The fiasco in Oklahoma suggests that maybe we took a wrong turn back in 1792. If we are to have capital punishment, there is something to be said for the old-fashioned methods. The sword is indeed too aristocratic for a republic such as France’s or our own, and our already over-titled public sector does not need a High Executioner. But there is something to be said for the sword, and for the high executioner. Execution is a job for a man, not a machine. The power to take a life is profound, and it must be undertaken with the highest degree of sobriety and responsibility. The intimacy of the sword in the hands of the executioner communicates that power and responsibility much more directly than our own relatively bloodless bureaucracy of death ever could. The plodding American mode of bureaucracy if anything subtracts from the profundity of an execution, being organized around a principle of dehumanization that in a sense makes the actual taking of life anticlimactic, almost — but only almost — beside the point.
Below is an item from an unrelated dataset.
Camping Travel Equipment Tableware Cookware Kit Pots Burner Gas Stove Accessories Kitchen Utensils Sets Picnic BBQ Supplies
In truth, the unique terrors of the American practice of capital punishment are, the occasional botched job to one side, mainly bureaucratic: the endless legal proceedings, the apparently arbitrary imposition of the capital sanction, the strange little rituals we maintain to give a manageable shape to the horror. Though no one can say so with any authority, it seems to me that the last five minutes of the condemned man’s life must be something of a relief compared with the last five weeks of it or the last five hours — the last meal, the last sunrise and sunset (probably unseen), the long walk down the hall, the restraints, the connection to the sterile machinery. It is not surprising that the condemned occasionally complain that they wish that the state would just get on with it.
Arbitrary, dehumanizing, time-consuming: The terrors of an American execution are a great deal like other encounters with American government, with the obvious exception of how it ends.
Except when that’s not an exception.